ただ、これらアジア勢の販売先は自国が中心で、欧米や日本市場への輸出は限定的。パラ系は自動車タイヤやブレーキなど消費者の安全に直接関わる製品に多く使われ、これらを生産する欧米企業が開発途上にあるアジア勢の製品の採用に慎重なことも影響している。
当面は欧米や日本市場における過剰供給は考えにくく、足元の1キログラム当たり2000―4000円の販売価格が続く公算は大きい。
帝人は向こう数年以内にオランダ工場でパラ系の「トワロン」の生産能力を10―20%引き上げる方針を固め、ボトルネックとなっていた紡糸設備の工程改善に着手したもようだ。得意の欧州市場を中心にさらに拡販する戦略で、一連の設備投資額は約20億円とみられる。
日本市場でデュポンのパラ系「ケブラー」を製造販売する東レ・デュポン(東京都中央区)は5月、東海事業場(愛知県東海市)に最新の撚糸機や引っ張り試験装置などを備える技術センターを開所。需要家との共同研究を加速し、拡販につなげる狙いだ。ケブラーを使った摩擦材や樹脂複合材料の試作、評価設備の導入も検討しているとみられ、新たな用途開拓にも力を注ぐ方針だ。

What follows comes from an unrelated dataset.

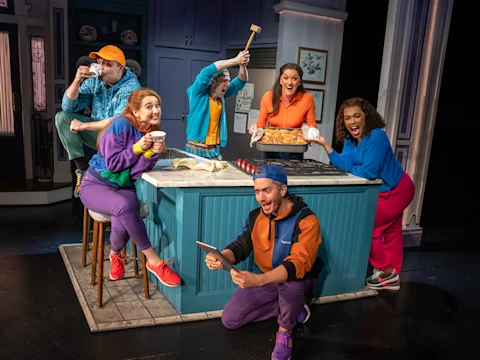 Six people in colorful outfits gather around a kitchen island; one holds a mallet, another presents a baked dish, while others display cheerful, animated expressions.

トップランナーのデュポンや帝人のパラ系は、量産品でも物性にバラつきがないなど高品質が売りだ。タイヤメーカーや繊維の二次加工メーカーなどと、高品質のパラ系を使った製品開発を拡大し、その優位性を認識してもらうことが、新興勢力から市場を守るカギになる。
メタ系アラミド繊維市場はパラ系よりもアジア勢の参入が激しく、熾烈(しれつ)な競争が続く。パラ系が強度や弾性の高さを特徴とするのに対し、メタ系は難燃性や長期耐熱性、耐薬品性などに優れる。
欧米や日本を中心に防火服の素材として販売されるほか、バグフィルター(集塵機に取り付ける袋状フィルター)の材料にも広く使われる。
メタ系の首位はデュポンで、シェアは60%を超えるとみられる。これを中国メーカーや帝人、韓国メーカーが追う格好で、特にアジア勢の攻勢が目立つ。メタ系はパラ系に比べて価格を抑えた汎用品の販売が伸びており、生産コストも低く抑えられる。
これを新興国が有望な投資対象とみていることがアジア勢の活発な動きの背景にある。中でも使い捨てのバグフィルターは高品質の繊維が必要なく、デュポンと中国メーカーの争いが激しさを増す。